[Extracted data]

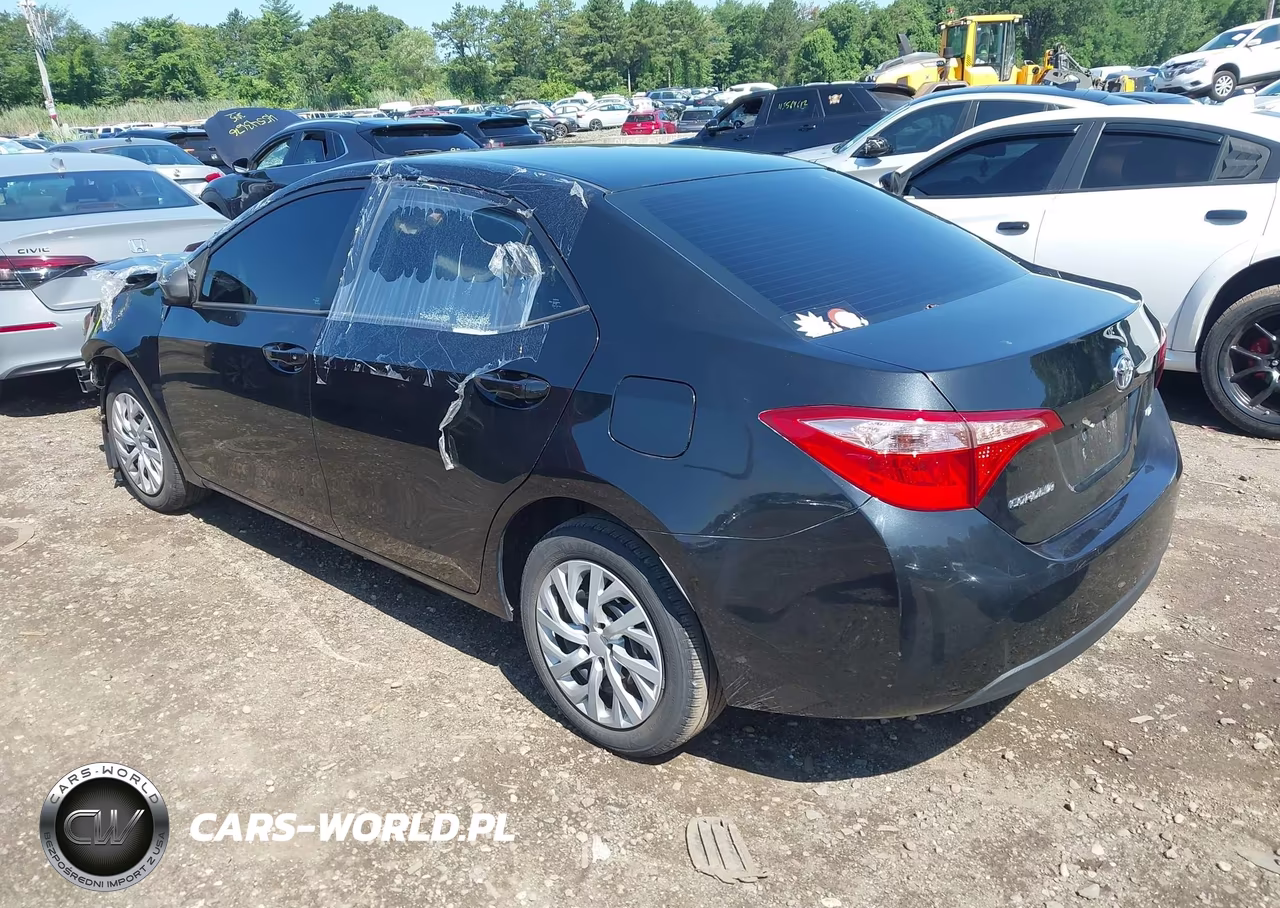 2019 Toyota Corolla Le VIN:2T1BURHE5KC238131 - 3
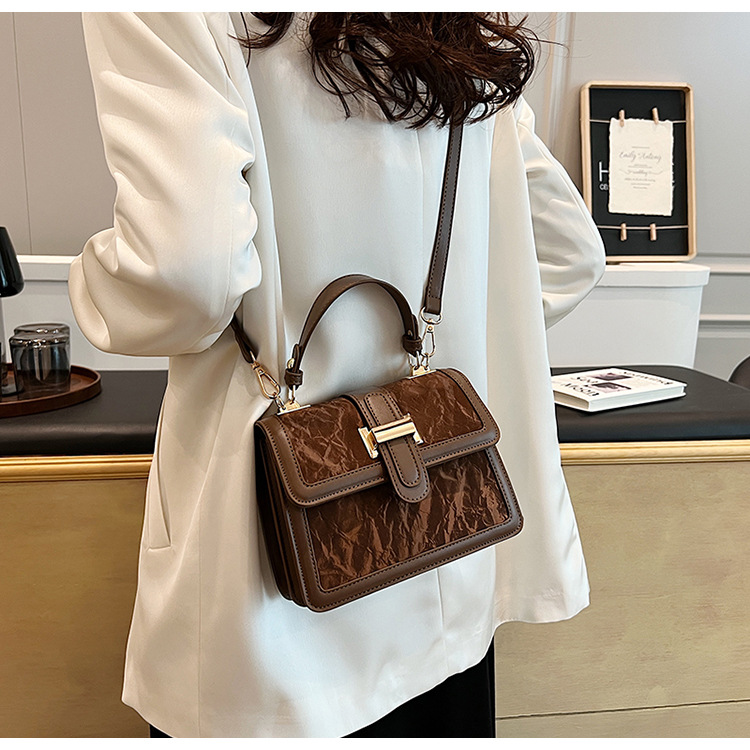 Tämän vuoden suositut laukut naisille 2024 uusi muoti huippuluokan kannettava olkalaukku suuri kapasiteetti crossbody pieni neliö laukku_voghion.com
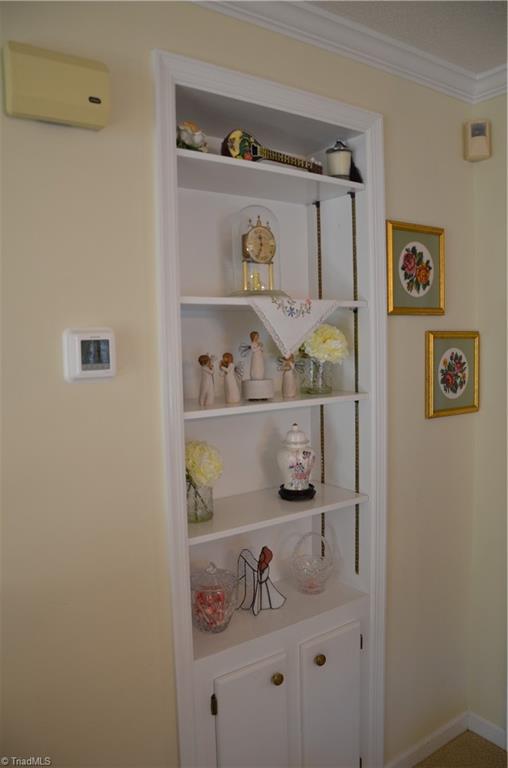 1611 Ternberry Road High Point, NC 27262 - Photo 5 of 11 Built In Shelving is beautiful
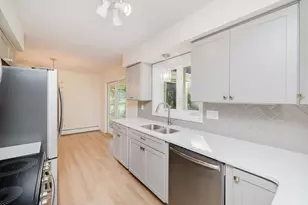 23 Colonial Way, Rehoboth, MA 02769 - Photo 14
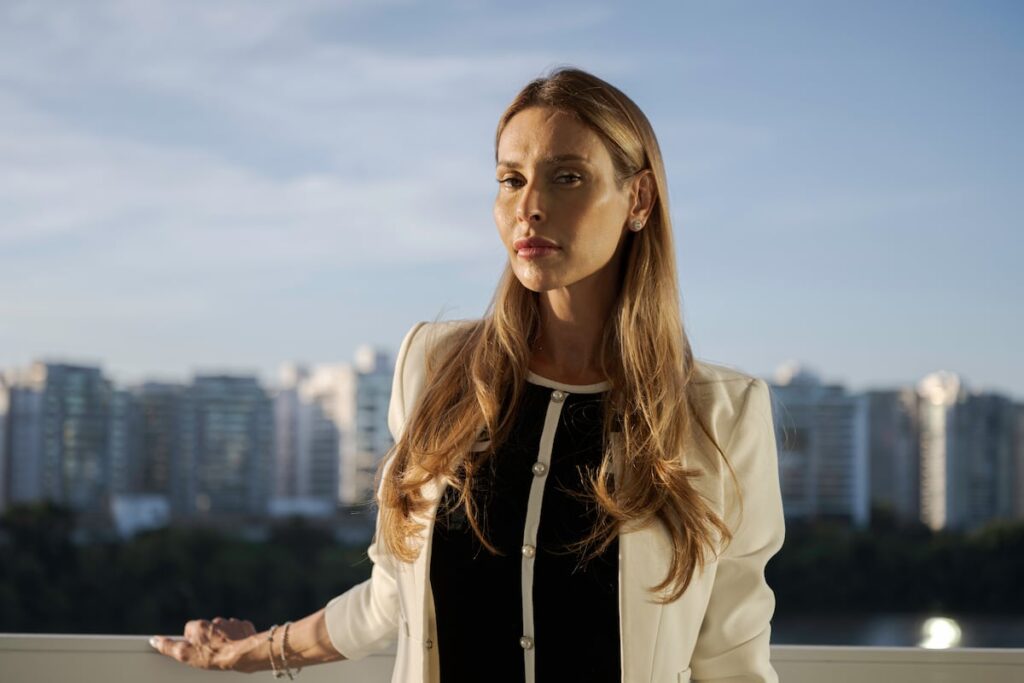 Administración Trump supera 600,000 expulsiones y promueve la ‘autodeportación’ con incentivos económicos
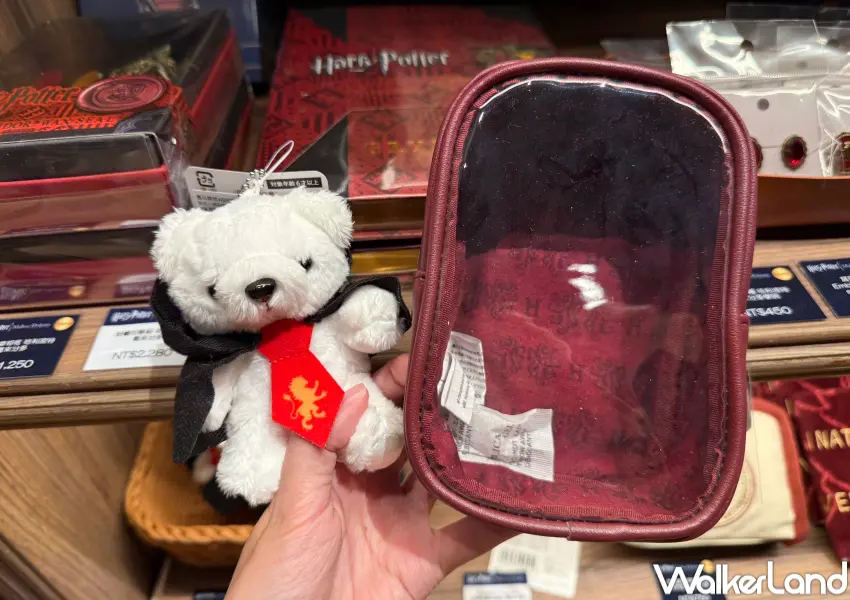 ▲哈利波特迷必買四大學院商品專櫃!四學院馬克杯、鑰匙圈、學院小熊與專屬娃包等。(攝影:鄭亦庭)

[/Extracted data]
[Extracted data]

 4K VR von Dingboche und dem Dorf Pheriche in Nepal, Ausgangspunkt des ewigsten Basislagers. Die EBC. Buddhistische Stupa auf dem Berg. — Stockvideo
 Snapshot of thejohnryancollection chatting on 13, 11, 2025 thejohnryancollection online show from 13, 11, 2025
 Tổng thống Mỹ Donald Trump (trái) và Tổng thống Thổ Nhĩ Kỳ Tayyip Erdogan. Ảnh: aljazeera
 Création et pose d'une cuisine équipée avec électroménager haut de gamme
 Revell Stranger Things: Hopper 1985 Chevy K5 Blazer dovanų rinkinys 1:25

[/Extracted data]

--- Task to carry out ---
Where the line holding "Création et pose" appears in the listing above, start reproducing exactly, and end with the line holding "Revell Stranger Things: Hopper".

--- Output for this task ---
 Création et pose d'une cuisine équipée avec électroménager haut de gamme
 Revell Stranger Things: Hopper 1985 Chevy K5 Blazer dovanų rinkinys 1:25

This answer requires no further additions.